Be Careful What You Ask For

I was kidding when I quoted Shakespeare a few weeks ago and wrote, “First, let’s kill all the lawyers.” How was I to know Dick Cheney reads this blog?

Somewhat buried amid the media wailing about the delay by Cheney’s people to notify them after he shot Harry Whittington is the fact that a law enforcement officer was turned away from speaking to anyone about the incident on Saturday night. The local law had an appointment for Sunday morning; common sense implies the police to you at their convenience after you shoot someone, not yours.

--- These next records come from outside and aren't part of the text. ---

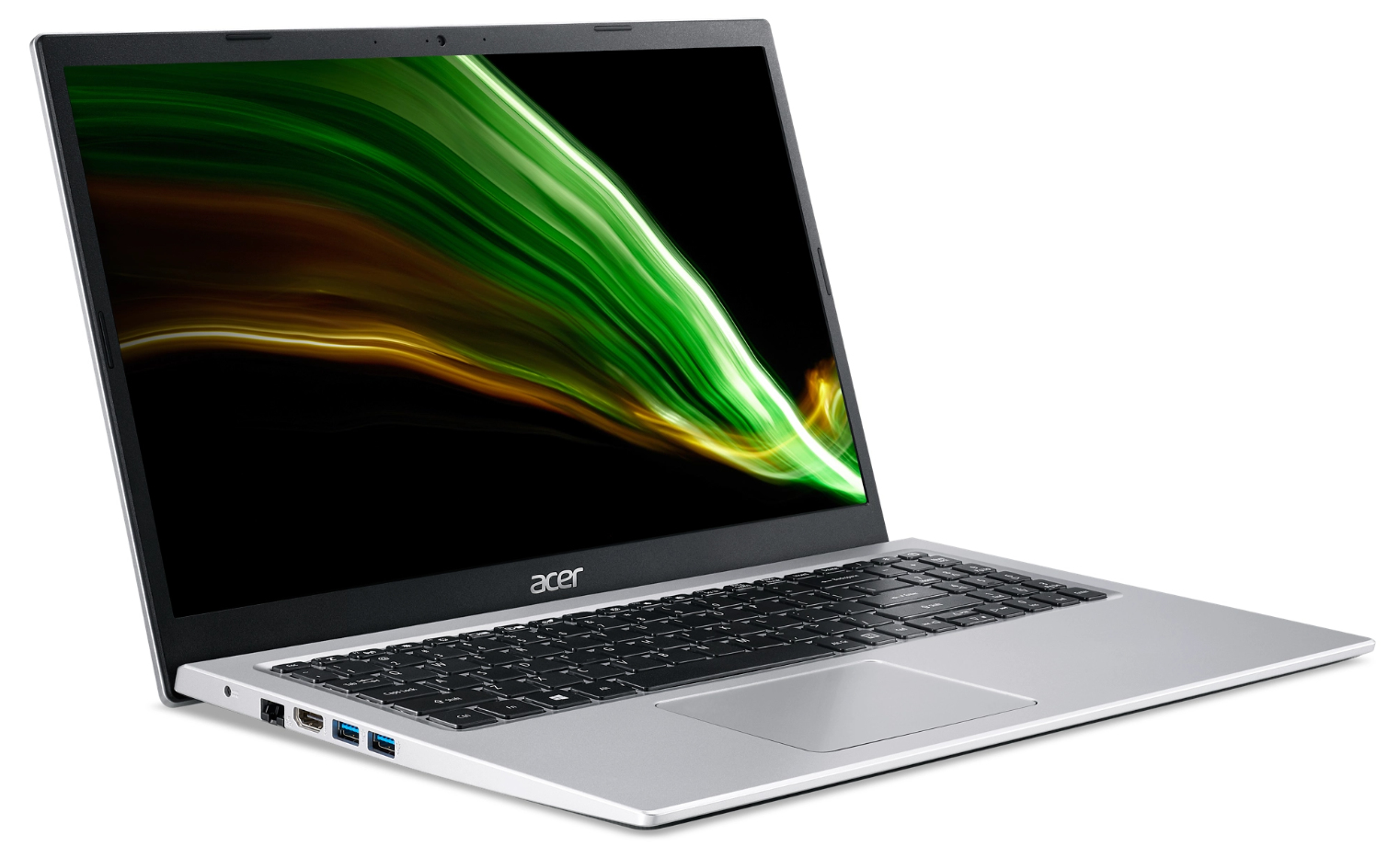 Acer Aspire 3 A315-58-35JZ Intel® Core™ i3 i3-1115G4 Laptop – image 2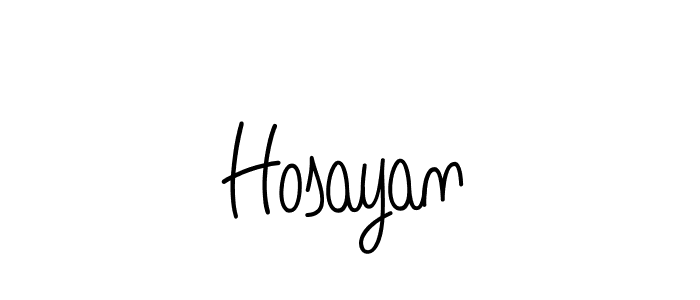 This is the best signature style for the Hosayan name. Also you like these signature font (Angelique-Rose-font-FFP). Mix name signature. Hosayan signature style 5 images and pictures png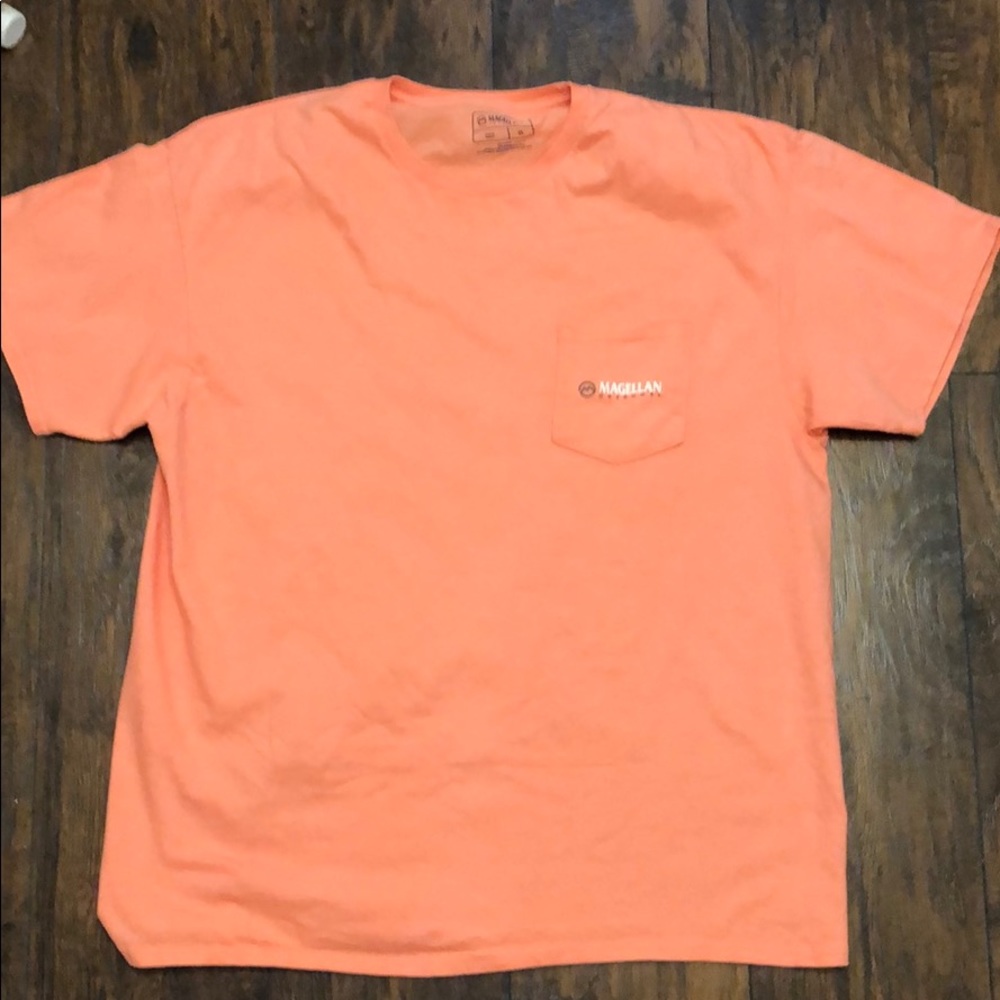 Magellan T-shirt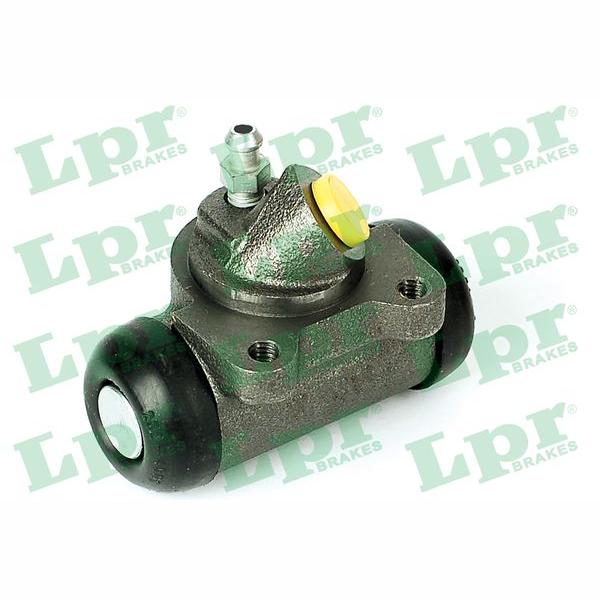LPR LPR4527 Wheel Brake Cylinder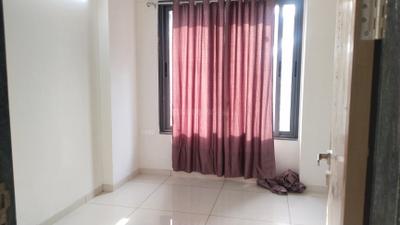 Bedroom Image of 1800 Sq.ft 3 BHK Apartment / Flat for rent in Serenity Life, Vaishno Devi Circle Ahmedabad for Rs. 23000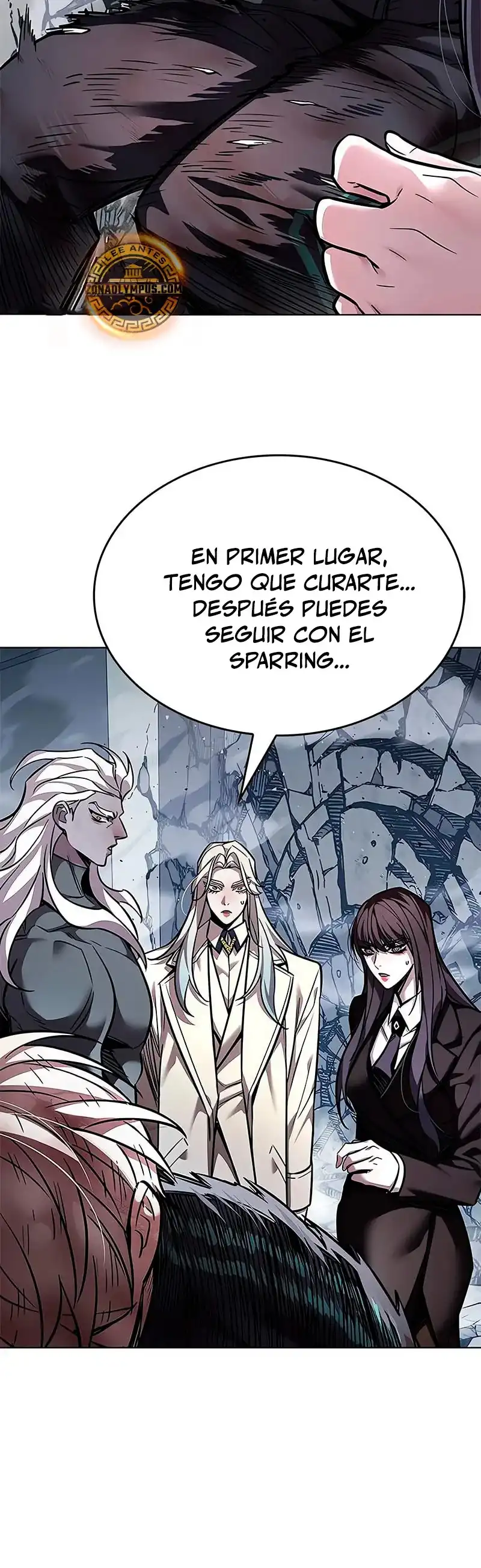 Read Eleceed ES Manga Online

Not to imply that shooting Whittington was anything but an accident, but overnight is plenty of time for someone to “get their story straight.” If anyone reading this sincerely believes he or she could just tell a cop to come back tomorrow after you shot someone, let me know. I think my Inbox can handle the traffic.

Granting it was an accident, stonewalling the police makes no sense. How tough was that interrogation going to be? “Uh, good evening, Mr. Vice President Cheney, sir, your honor. Um, did you—sorry, what I mean to say is you didn’t shoot that old gentleman on purpose there, did you? No? I sure am glad to hear that. I didn’t think you would, but it bein’ my job and all, you know how it is. I think that’s enough for tonight. I’ll just mosey back on down to the office and not talk to any of them al-Qaedas on the phone.” They had to get their story straight for that?

Speaking to the press on Wednesday, Cheney said he thought it was better for his host to notify the press because it would be important to get “as accurate a story as possible from somebody who knew and understood hunting.” Where was Cheney when it happened, having a few laughs over the newest round of Abu Ghraib photos? Cheney didn’t have anything to say because, “The accuracy was enormously important. I had no press person with me.” The man a heartbeat away from being president needed a media adviser to tell him what he just did, which, by the way, happened to be shooting someone?

The White House press office, which hadn’t been caught this unprepared since the last time anything newsworthy happened, uses the word “shooting” in conjunction with this about as often as Dubya uses “perspicacity” in conjunction with anything other than sweat. “Accident” is the spin du jour. It’s accurate, as far as it goes, which is about as far as you can throw Bill Bennett. It was an accidental shooting, which is different from garden variety accidents like falling off a ladder or slipping on the ice or getting love ick on some fat chick’s dress. It’s an accident when you throw a baseball to someone who isn’t paying attention and hit him in the face; it’s a shooting when you use a shotgun.

A headline earlier this week quoted a gun safety expert as saying Cheney violated the first precept of gun safety. I didn’t read the article, but I could guess that rule might be “Don’t shoot your partner.” Maybe Cheney’s gun safety skills would be better if his other priorities hadn’t gotten in the way of his military experience.